The trouble was, I didn't have birth certificates for anyone. They're too expensive. These programs are for the desperately poor, living at 80% below federal poverty level even to qualify. So requiring people to come up with these documents is not as reasonable as well-paid lawmakers think. Birth certificates cost about $17; state IDs cost about $8. So it cost me almost $90 just to apply for medicaid. That's a lot of money for someone who only can qualify for the program if they don't have ANY money. Duh. Good thing Mom and Dad are generous is all I can say.

To the government's credit, you can now order birth certificates online. In Utah, you have to do it through the state website or you get charged $6 extra for handling. In Colorado, you have to order through the County website, or you get charged $6 for handling. But everyone got the birth certificates to me within 5 days. Boulder County mailed Daniel's so that I got it Thursday when I ordered it Tuesday afternoon. Not bad.

So today we got everyone cleaned up and dressed and threw them all in the car and braved construction to take four kids down to the Driver's License Division to get IDs. I was dreading this. For one thing, they didn't list anywhere online what documents I needed to have. For another, the DLD is known for long lines, being hot, and grumpy workers. And I have four kids and the oldest is 5, and nobody had eaten because we woke up and ran. We got there ten minutes before they closed. We thought they were closed because there were four workers and nobody else inside. No line. So we got to work. Turns out you have to have a birth certificate and social security number to get an ID. So it was fortunate that I wrote all the kids' social security numbers on their shot records, which I carry with me all the time so I won't lose them. (I hope my purse never gets stolen.....). Anyway, we worked through the system really fast. The workers said they're never that empty on a Thursday right before they close. It was a "fluke." I say, "It was a serious blessing for a tired mommy with four babies!"

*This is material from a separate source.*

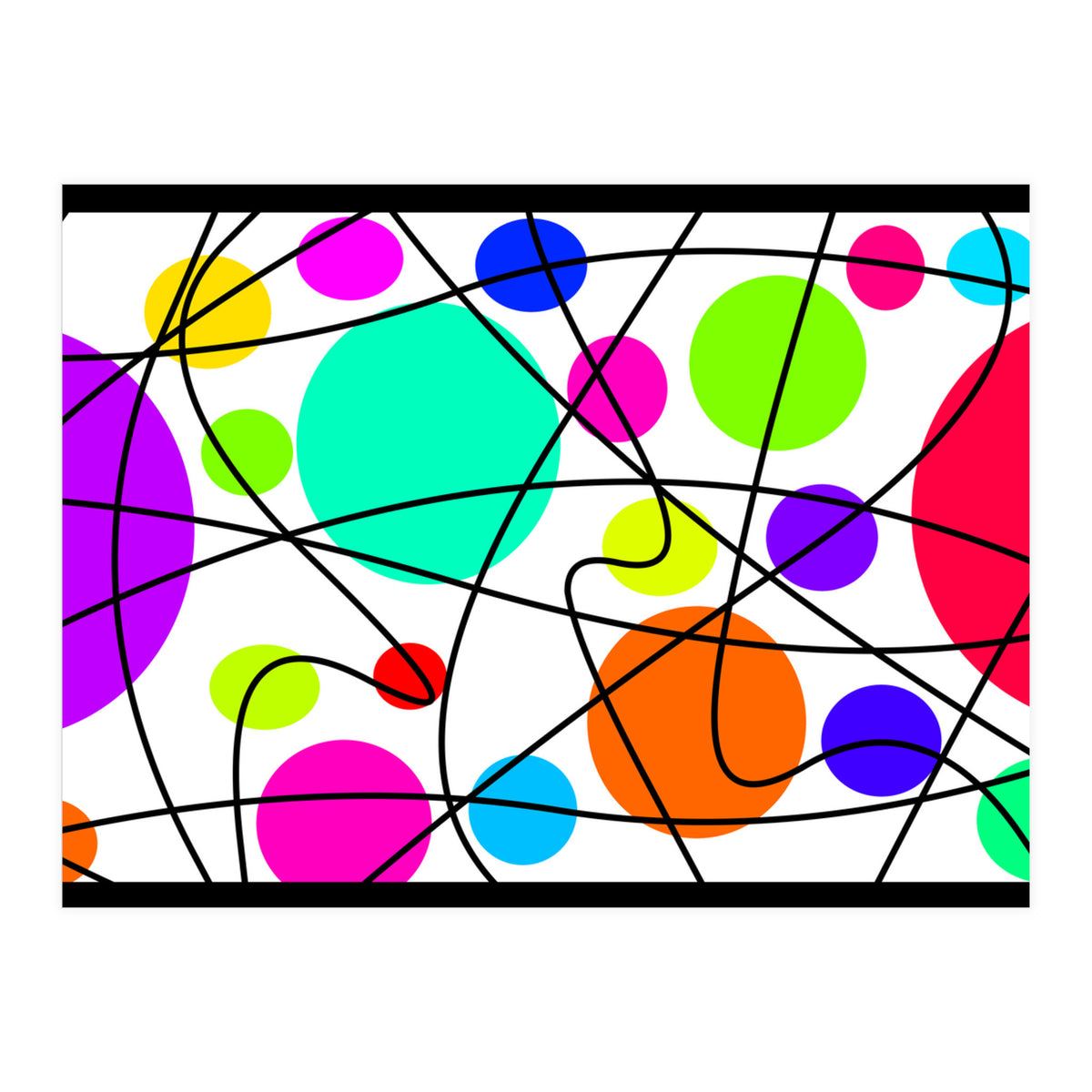 Abstrato Geométrico 41.0 (Print Only)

So we got three IDs. Why only three? Despite the fact that the aid-getter insisted Benjamin needed an ID, you can't get one for a newborn. Why? Social Security numbers are issued for newborns, true, but you turn the paperwork in to the hospital for the birth certificate, and they take 7-10 days to process it. THEN they turn it over to Social Security, and they take 7-14 weeks to process it and another 2-10 weeks to issue the number and card, according to their paperwork. I've received the kids' numbers a lot faster than that before, but it usually takes 4-6 weeks. So you can't get a state-issued ID for newborns. By the time you get the required paperwork, they're not newborns anymore.

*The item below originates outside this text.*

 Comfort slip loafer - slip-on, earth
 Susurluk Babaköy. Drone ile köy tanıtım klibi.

This overabundance of paperwork is a little silly, anyway. You get a birth certificate for being born. How do you get a social security number? Show your birth certificate. The SS Number is really proof of birth certificate. Then how do you get a Photo ID? Show proof that you have a birth certificate (SS number) and the birth certificate. I understand that they want a picture to prove that you are who your birth certificate says you are. But you see the problem?

I must admit, I'm really tired of winding my way through this jungle. It's not easy to get aid. It's expensive and difficult to sort through. And we haven't even dealt with the fact that we can't prove no income (we gave them bank statements and our business financial records and hoped that covered it). Can I jump through a few more hoops? I guess so. But it sure seems like someone could simplify the system. And I'm an educated person. What about people who are mentally disabled? They're the ones who really need the aid, and I can't see how they would ever sort through this mess. Especially if they got letters like I did.....

And I'm still not sure exactly what we do about the fact that we went through a whole pregnancy approved and then got unapproved. I guess nothing until they send us a bill. But it wasn't our fault that we were not approved--we qualified in the first place, and notified them of the pregnancy, as required. Then the computers got involved.

It's like the billing lady at the doctor's office said, "How many phone calls would you make for $13,000?"